You just don’t get that sense in these activities. I accept that in part this is a limitation of the MSTS platform - and frame rates are already getting a bit sluggish on my machine as you creep towards the capital - but maybe a ‘deluxe’ activity could have been included for those of us who have supercomputers at home?

This might be a bit easier now that the team is reworking the EMU models to include multiple Levels of Distance. On the other hand - why not build some generic ‘lite’ sets for the AI traffic?

Route and Scenery

The scenic features are what save the commuter trains from being a bit boring. As I said earlier, I really like the feel of the texturing in the London area especially. Significant structures are all there (at least, according to the data that I have) and there’s lots of grimy bricks to be seen. Frame rates are a bit slower here, as you’d expect, but the team has done a really good job considering it’s such a congested area.

My favourite parts have to be entering Cannon Street station in the evening and the flyover that leads to Crystal Palace. Brilliant.

Out in the country, the lines to East Grinstead and Oxted pass through the rolling countryside of the area and are modelled convincingly. I was a bit surprised at the lack of housing in the area - but it was probably a lot more rural in 1970.

The stations in particular feel right, and include the typical SER staggered platforms. According to my PSL field guide the layouts are pretty much correct and the stations are in the right places, so that’s good enough for me.

There’s a lot of route mileage here - the package says 420 miles, and I probably haven’t come close to seeing all of it yet. The package is interesting enough that I am looking forward to doing so.

The trackwork is awesome and by far the best exposition of UK Fine Scale track that I have ever seen, and it’s used very well to represent the ‘hairy’ track layouts in some places.

There are a couple of minor errors of placement - there’s a little landslip on the London Bridge side of Hither Green, for example. I feel a bit petty pointing this out, but it underlines the fact that the overall layout is so good that tiny errors like this really stand out.

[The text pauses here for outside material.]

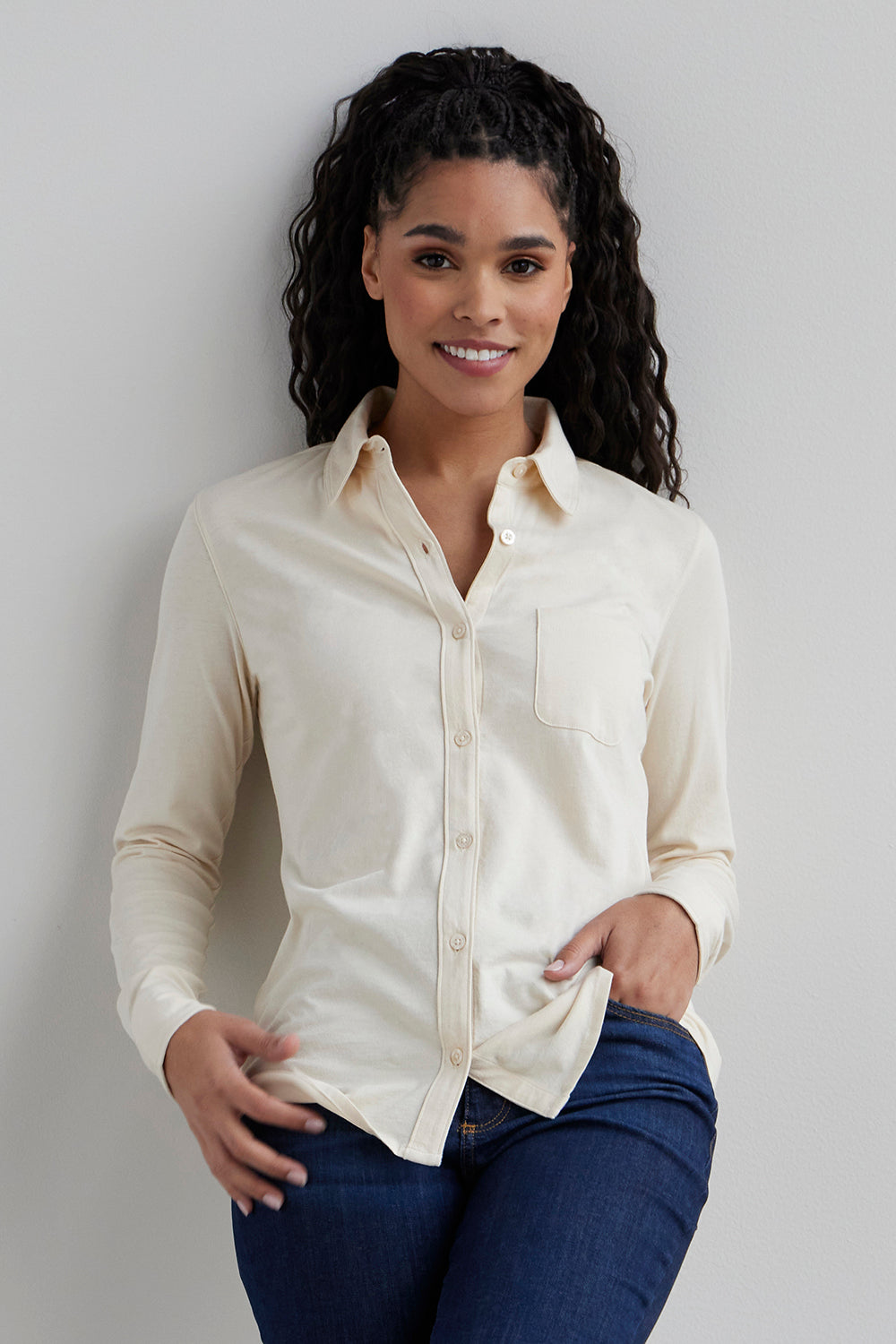 womens organic all cotton knit button down shirt- undyed natural cotton beige - fair trade ethically made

While I’m being picky, it’s a bit odd to be driving commuter trains and not see anyone on the platform. There are a couple of places where I noticed people particularly - but this only served to highlight the lack of crowds - especially at rush hour. I know this is an area of difficulty for the sim - but I wonder whether flat people might have been usefully employed here?

The other area in which I felt a bit let down was the signalling. This looks right and works consistently well, but the colour light poles feel a bit ‘two dimensional’ to me. On the other hand the gantries are superbly executed. It is a measure of how far the hobby has come since 2001 that this is my only real criticism of the scenery.

Conclusion

Why would you buy this route? If you like the Southern region and Electrics especially, then you can’t go past this route. It captures the era that I remember very well, and is very well executed throughout. I really like it, and will be driving the route for a while yet.

If you like British trains, but don’t know anything about the Southern then you should definitely consider buying it. I’d also recommend a visit to the Southern E-Group Web site http:\\www.semg.org.uk to learn more about it all.

Apart from a couple of minor criticisms, the only things that really let the route down are the lack of passenger views from the rolling stock, (especially given that this is primarily a passenger railway) and the absolute need to patch that first release.